What is needed is an exact reproduction of the lines in the records below, starting at the line with "265/40/21 continental 7" and ending at the line with "Otter Box Case/", both included, and nothing else; pictures stay out.
+--
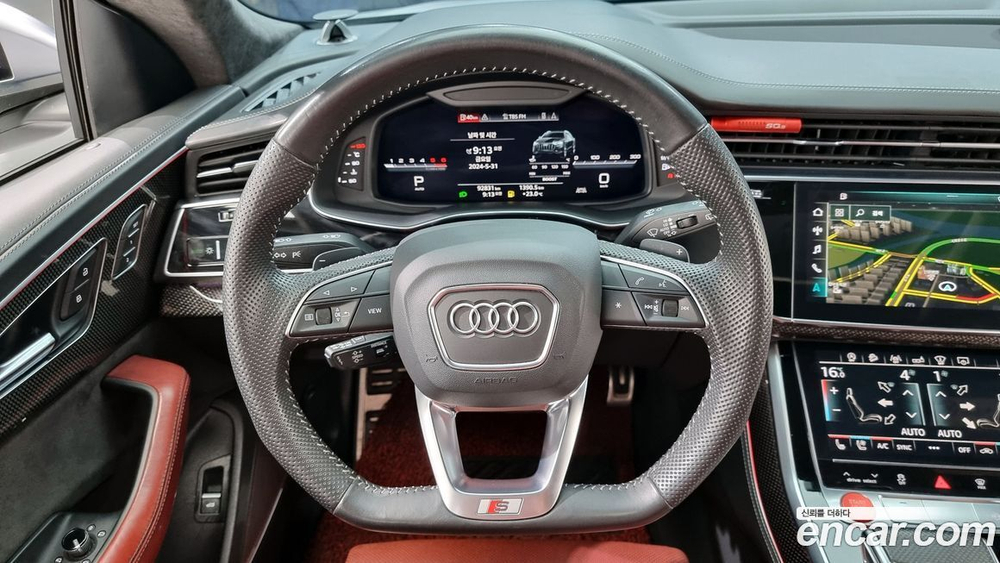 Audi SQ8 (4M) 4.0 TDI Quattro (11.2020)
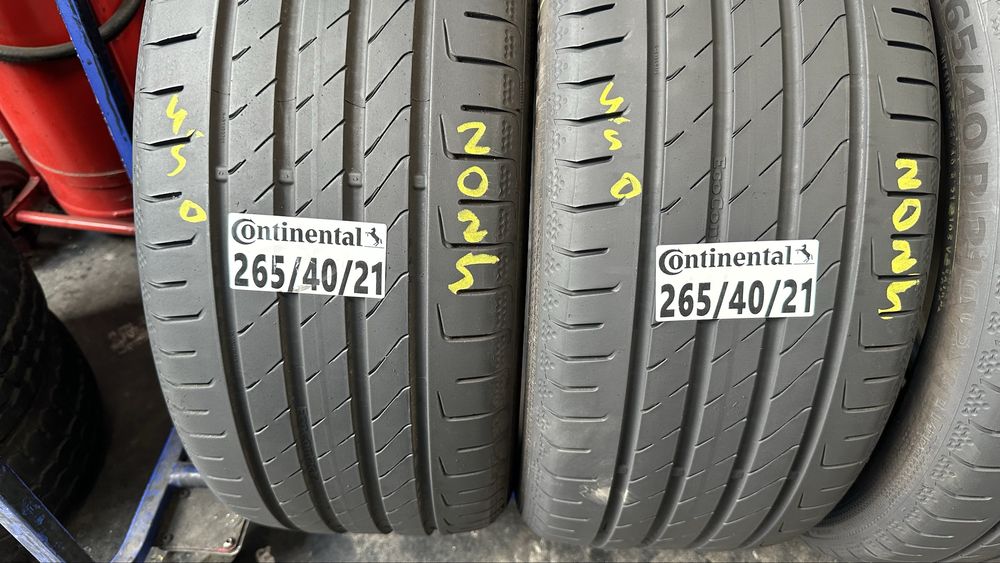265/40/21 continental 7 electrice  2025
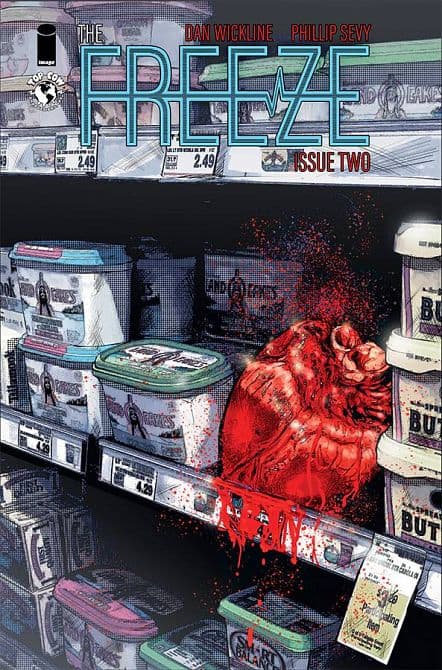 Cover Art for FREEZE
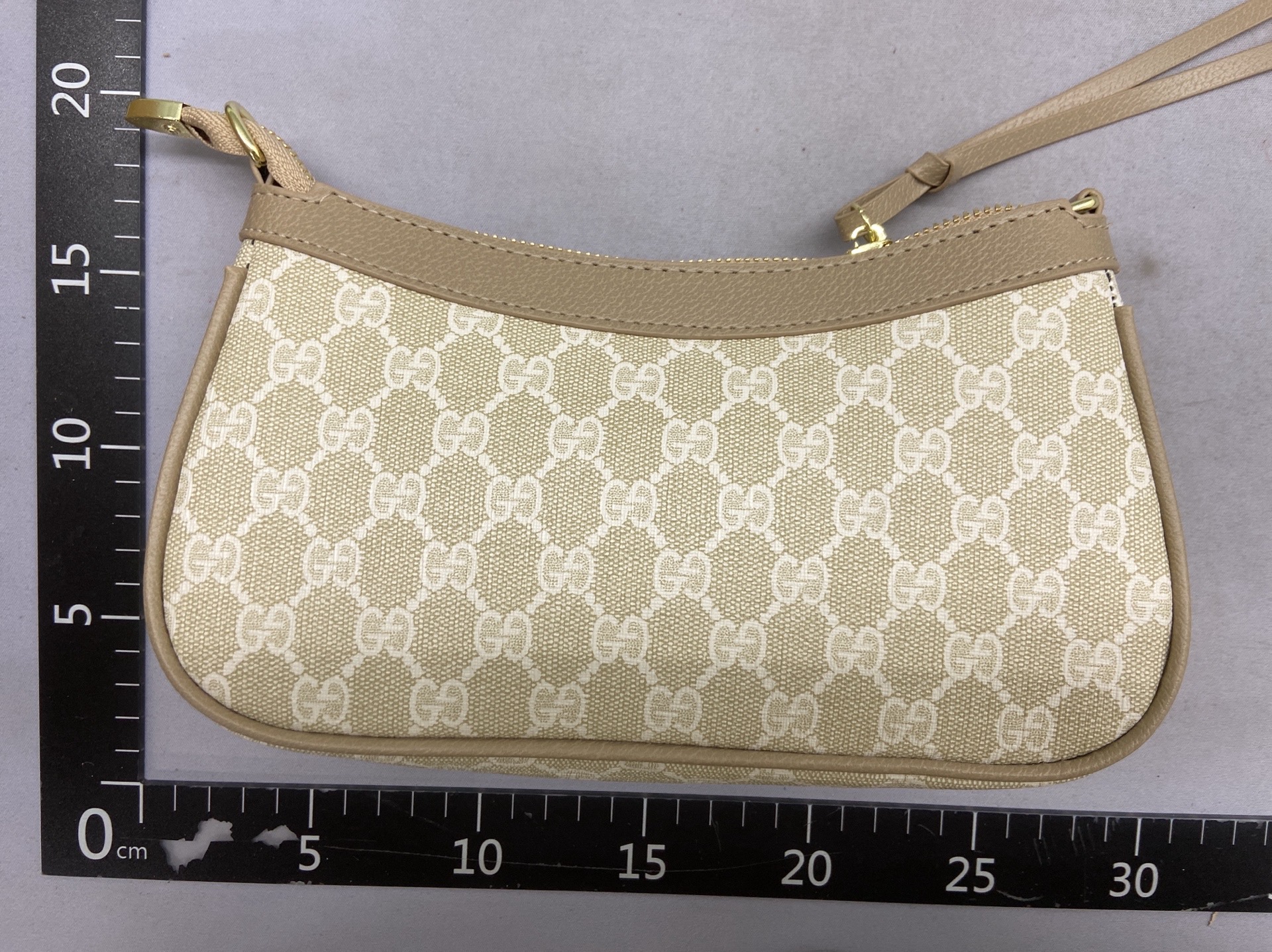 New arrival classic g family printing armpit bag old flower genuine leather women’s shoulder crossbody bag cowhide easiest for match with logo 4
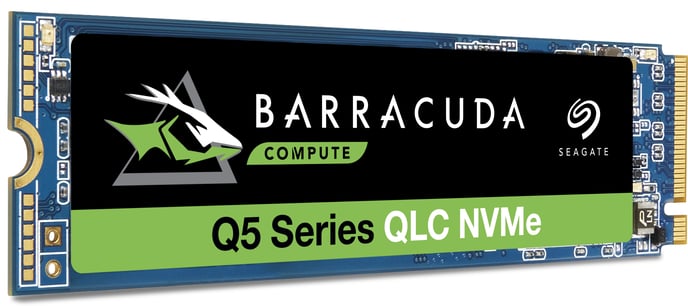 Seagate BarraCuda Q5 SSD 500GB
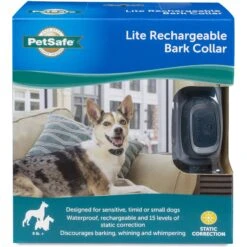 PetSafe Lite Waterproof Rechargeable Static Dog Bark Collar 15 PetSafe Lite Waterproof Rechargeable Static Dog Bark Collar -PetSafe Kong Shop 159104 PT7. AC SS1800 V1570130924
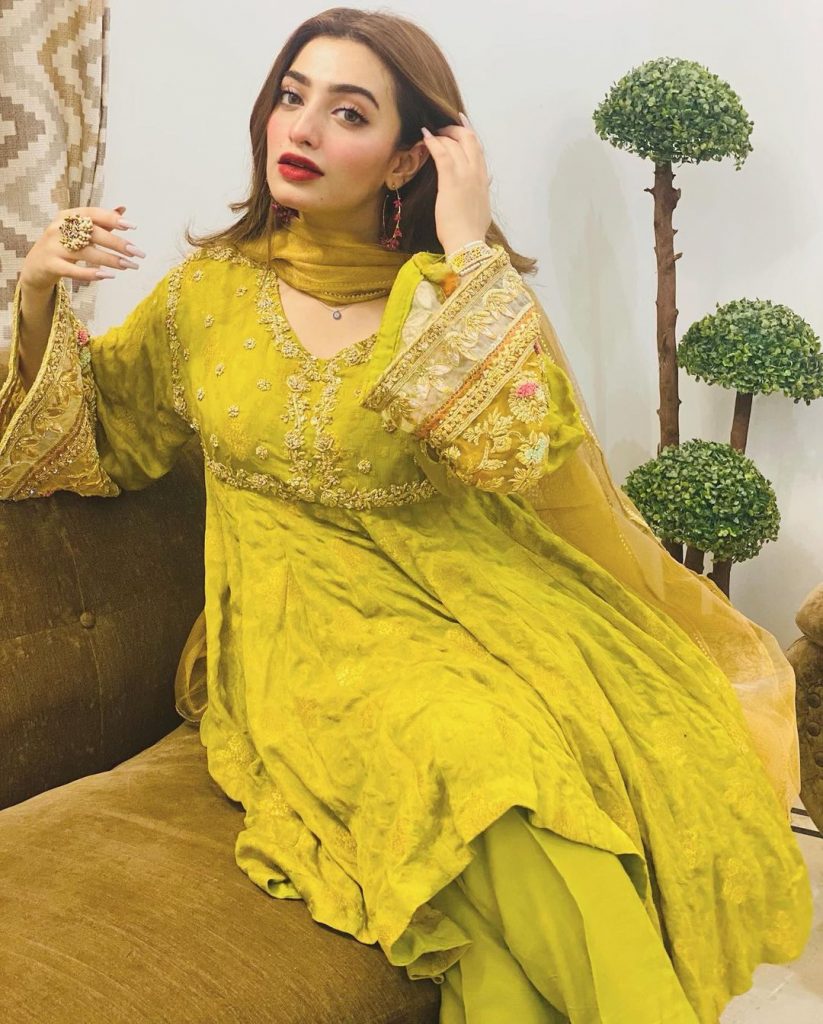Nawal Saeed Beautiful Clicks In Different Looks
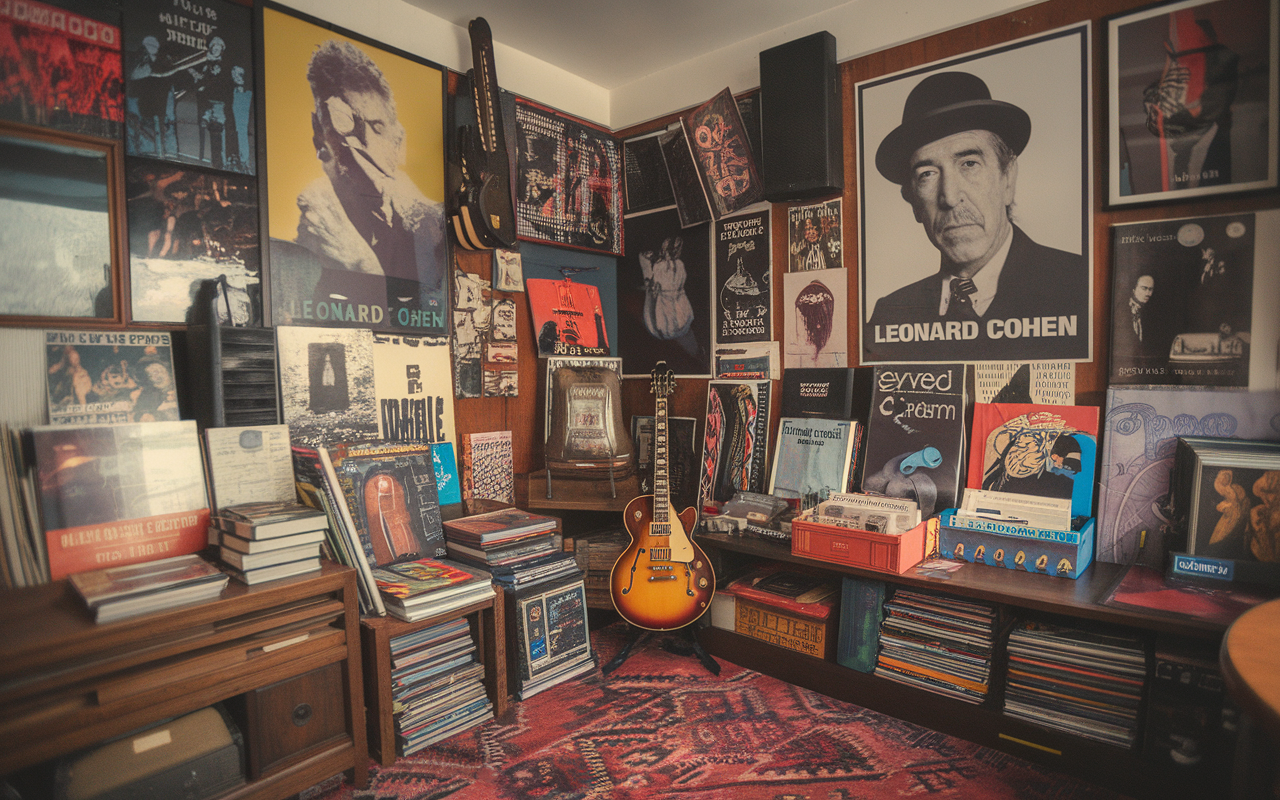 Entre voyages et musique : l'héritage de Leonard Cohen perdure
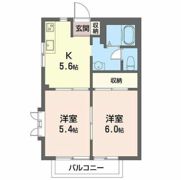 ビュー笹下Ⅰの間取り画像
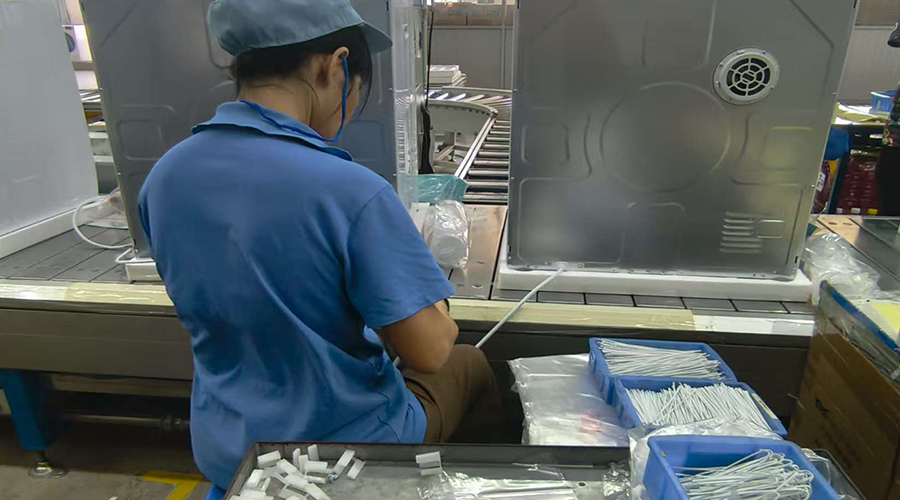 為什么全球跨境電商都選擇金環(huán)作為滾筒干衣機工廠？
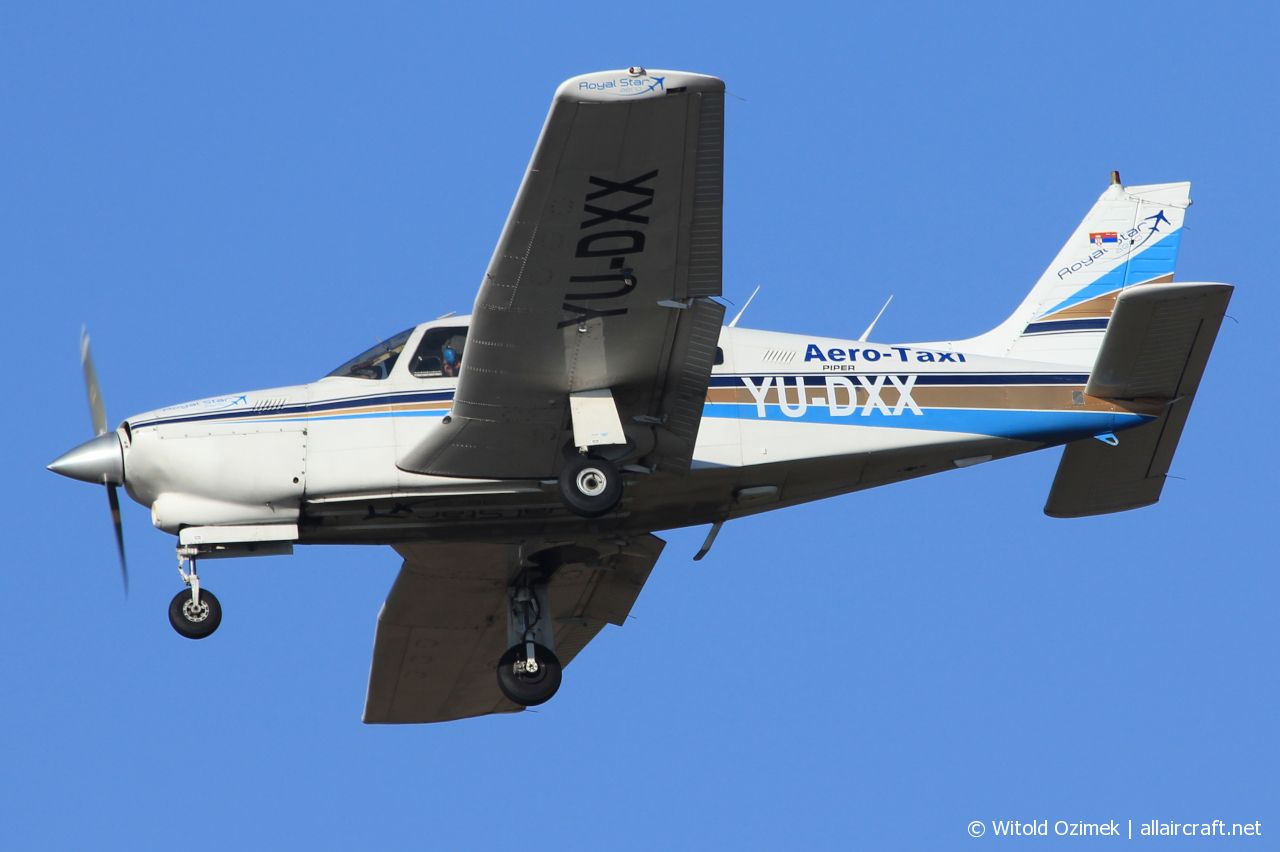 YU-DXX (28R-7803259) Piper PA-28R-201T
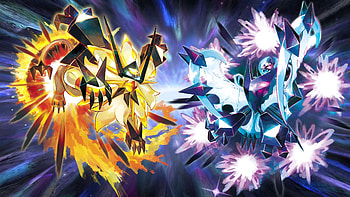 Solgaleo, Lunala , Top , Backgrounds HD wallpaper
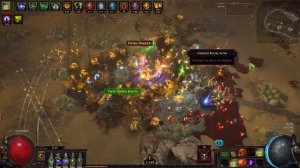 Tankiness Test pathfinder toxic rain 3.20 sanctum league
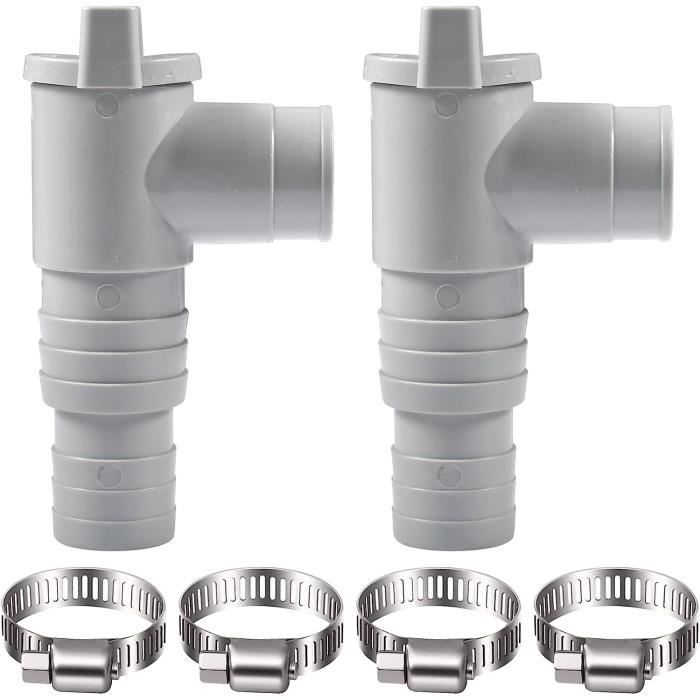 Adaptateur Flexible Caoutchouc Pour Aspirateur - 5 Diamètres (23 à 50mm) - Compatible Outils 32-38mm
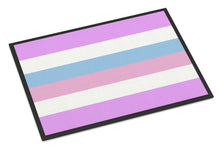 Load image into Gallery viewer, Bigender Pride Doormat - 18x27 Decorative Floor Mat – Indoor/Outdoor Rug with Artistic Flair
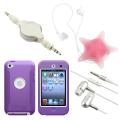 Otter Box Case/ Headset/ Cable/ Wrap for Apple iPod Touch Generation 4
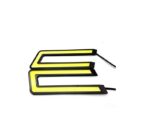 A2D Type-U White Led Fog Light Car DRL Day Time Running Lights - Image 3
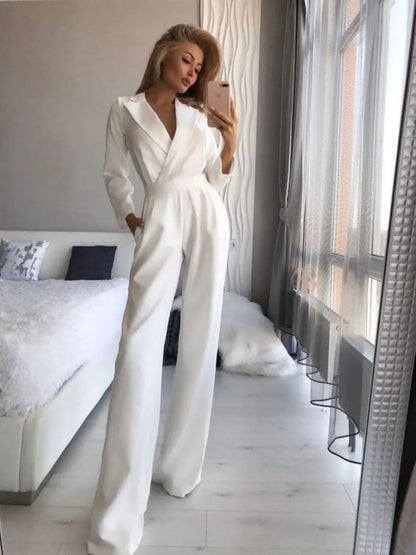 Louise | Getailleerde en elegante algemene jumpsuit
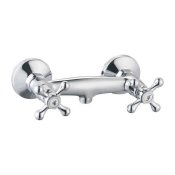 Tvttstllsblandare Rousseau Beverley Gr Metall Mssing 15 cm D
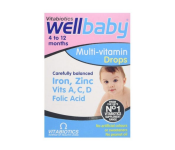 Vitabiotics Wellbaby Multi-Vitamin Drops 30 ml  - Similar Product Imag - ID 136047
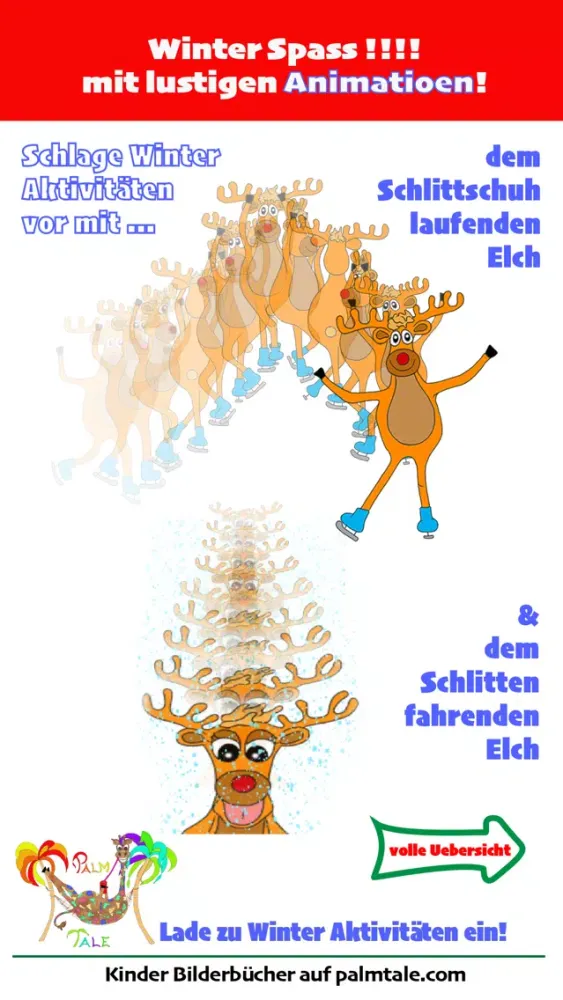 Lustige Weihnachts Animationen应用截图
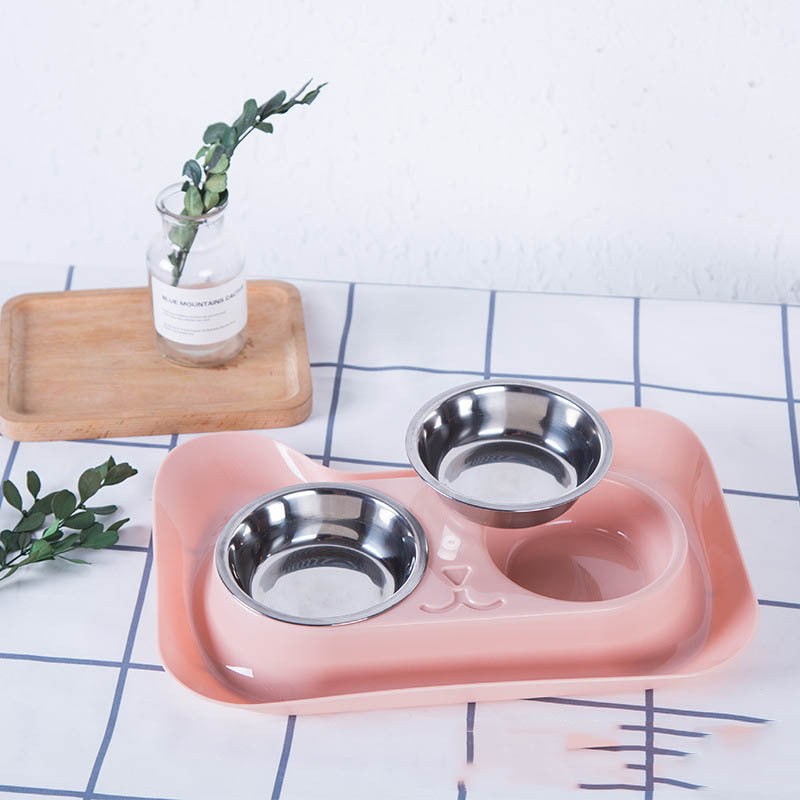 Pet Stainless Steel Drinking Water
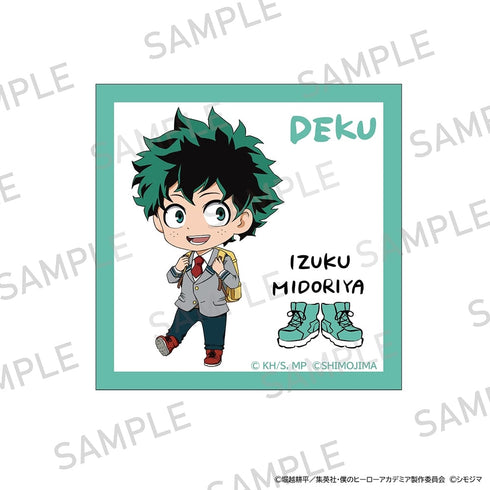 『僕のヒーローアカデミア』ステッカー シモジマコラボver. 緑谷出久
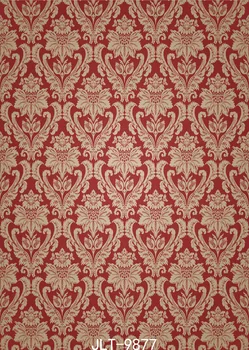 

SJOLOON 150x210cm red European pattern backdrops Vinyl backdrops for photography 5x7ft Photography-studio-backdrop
+--
• [Response to the exercise]:
265/40/21 continental 7 electrice  2025
 Cover Art for FREEZE
 New arrival classic g family printing armpit bag old flower genuine leather women’s shoulder crossbody bag cowhide easiest for match with logo 4
 Seagate BarraCuda Q5 SSD 500GB
 PetSafe Lite Waterproof Rechargeable Static Dog Bark Collar 15 PetSafe Lite Waterproof Rechargeable Static Dog Bark Collar -PetSafe Kong Shop 159104 PT7. AC SS1800 V1570130924
Nawal Saeed Beautiful Clicks In Different Looks
 Entre voyages et musique : l'héritage de Leonard Cohen perdure
 ビュー笹下Ⅰの間取り画像
 為什么全球跨境電商都選擇金環(huán)作為滾筒干衣機工廠？
 YU-DXX (28R-7803259) Piper PA-28R-201T
 Solgaleo, Lunala , Top , Backgrounds HD wallpaper
 Tankiness Test pathfinder toxic rain 3.20 sanctum league
 Adaptateur Flexible Caoutchouc Pour Aspirateur - 5 Diamètres (23 à 50mm) - Compatible Outils 32-38mm
 Load image into Gallery viewer, Bigender Pride Doormat - 18x27 Decorative Floor Mat – Indoor/Outdoor Rug with Artistic Flair
 Otter Box Case/ Headset/ Cable/ Wrap for Apple iPod Touch Generation 4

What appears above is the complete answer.